Hier in den USA geschieht der Verfall der alten, dichten Energien zur Zeit auf sehr dramatische Weise. Unser Land beginnt seinen endgültigen Sturz...

Grüße!

Seit wir in unserem neuen Raum angekommen sind, treffen noch immer höher schwingenden Energien ein, obwohl es sich aus verschiedenen Gründen nicht so anfühlen mag. Der Aufstiegsprozess bleibt immer interessant... nicht gerade was wir erwartet haben, denn unsere Erwartungen sind oft in einem Geist gewachsen, der in einer niedriger schwingenden Wirklichkeit heimisch war. Und so gesehen, indem wir wachsen und uns erinnern, lehrt uns dieser wunderbarer Aufstiegsprozess eine ganze Menge.

Mit unserem Ankommen und Heimischwerden in den höheren Ebenen beginnen die alten und dichteren Energien zu verfallen und können sich in diesem Raum grundsätzlich nicht mehr verfestigen. Wie gehabt, ist das [auch] zur Zeit der Fall. Obwohl wir uns in einem viel höher schwingenden Raum befinden, fühlen und sehen wir vielleicht darum die „Auflösung“ oder die Verwirrung, den Verlust, und sogar die Panik der älteren Energien.

Hier in den USA geschieht das zur Zeit auf sehr dramatische Weise. Unser Land beginnt seinen endgültigen Sturz... und der wird jetzt sehr schnell verlaufen. Der Teppich wurde ihm [dem Land] unter den Füßen weggezogen, und es hat nicht mehr viel, an dem es sich festhalten kann.
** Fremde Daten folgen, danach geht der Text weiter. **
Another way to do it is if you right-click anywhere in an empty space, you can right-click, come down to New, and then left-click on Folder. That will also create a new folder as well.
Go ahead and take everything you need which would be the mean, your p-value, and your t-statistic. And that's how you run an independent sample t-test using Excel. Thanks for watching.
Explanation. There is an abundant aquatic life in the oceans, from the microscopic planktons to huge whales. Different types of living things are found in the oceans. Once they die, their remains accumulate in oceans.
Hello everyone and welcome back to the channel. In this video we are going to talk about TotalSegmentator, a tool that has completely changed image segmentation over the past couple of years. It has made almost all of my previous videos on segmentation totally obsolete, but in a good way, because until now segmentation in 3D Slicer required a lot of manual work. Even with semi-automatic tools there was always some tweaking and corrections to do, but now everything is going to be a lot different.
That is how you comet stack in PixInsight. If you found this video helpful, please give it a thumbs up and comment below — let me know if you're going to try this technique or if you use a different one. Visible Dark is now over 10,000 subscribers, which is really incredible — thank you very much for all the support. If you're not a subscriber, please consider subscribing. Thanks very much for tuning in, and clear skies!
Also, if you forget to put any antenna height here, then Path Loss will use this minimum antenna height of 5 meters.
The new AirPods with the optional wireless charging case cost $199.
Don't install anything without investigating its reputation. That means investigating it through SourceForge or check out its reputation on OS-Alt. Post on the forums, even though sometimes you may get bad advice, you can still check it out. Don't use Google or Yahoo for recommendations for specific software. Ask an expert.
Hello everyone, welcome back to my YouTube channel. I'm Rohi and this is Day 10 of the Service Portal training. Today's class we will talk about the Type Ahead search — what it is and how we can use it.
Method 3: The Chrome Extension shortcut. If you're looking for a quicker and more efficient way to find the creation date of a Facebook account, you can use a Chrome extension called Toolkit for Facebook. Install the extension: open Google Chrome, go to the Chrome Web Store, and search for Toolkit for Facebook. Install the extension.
Die Supermacht, als die es sich gesehen hat, ist jetzt genötigt sich in das einklinken und zu dem zu werden, was wirkliche Macht ist. Die unechte alte Macht muß nun gehen. Es ist nichts mehr zu ihrer Unterstützung übrig geblieben. Und das ist die natürliche und korrekte Entwicklung von Aufstieg und Evolution.
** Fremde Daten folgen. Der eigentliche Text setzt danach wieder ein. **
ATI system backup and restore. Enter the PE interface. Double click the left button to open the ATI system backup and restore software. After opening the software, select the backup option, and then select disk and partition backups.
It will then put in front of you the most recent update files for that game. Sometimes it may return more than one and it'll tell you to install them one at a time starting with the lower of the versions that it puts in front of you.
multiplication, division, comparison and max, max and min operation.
Wie können wir vorwärts gehen, wenn unser System zusammenbricht? Wie kann man von der Wirklichkeit der alten Welt ausgehend irgend etwas erschaffen? Machen alle Länder ausnahmslos diese Erfahrung?
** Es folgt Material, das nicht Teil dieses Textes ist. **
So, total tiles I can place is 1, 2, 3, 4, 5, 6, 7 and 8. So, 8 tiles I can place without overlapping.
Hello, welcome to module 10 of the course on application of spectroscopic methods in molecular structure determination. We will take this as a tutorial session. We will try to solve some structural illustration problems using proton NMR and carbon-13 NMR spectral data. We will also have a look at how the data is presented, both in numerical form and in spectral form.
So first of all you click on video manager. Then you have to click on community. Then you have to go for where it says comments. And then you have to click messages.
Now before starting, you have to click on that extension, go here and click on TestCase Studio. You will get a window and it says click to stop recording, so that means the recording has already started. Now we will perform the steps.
Nein. Wenn ihr z.B. in einem Land wohnt, wo Einfachheit, Zulassen, Frieden und [gegenseitige] Unterstützung noch gegenwärtig sind, dann gibt es keine Notwendigkeit für das Eintreten drastischer Veränderungen. Falls euer Lebensraum ein großes Ausmaß an Veränderung braucht, dann macht euch auf einen wilden Ritt gefasst. Aufstände, natürliche Katastrophen und Chaos werden für einige Jahre die Norm sein, aber nicht überall.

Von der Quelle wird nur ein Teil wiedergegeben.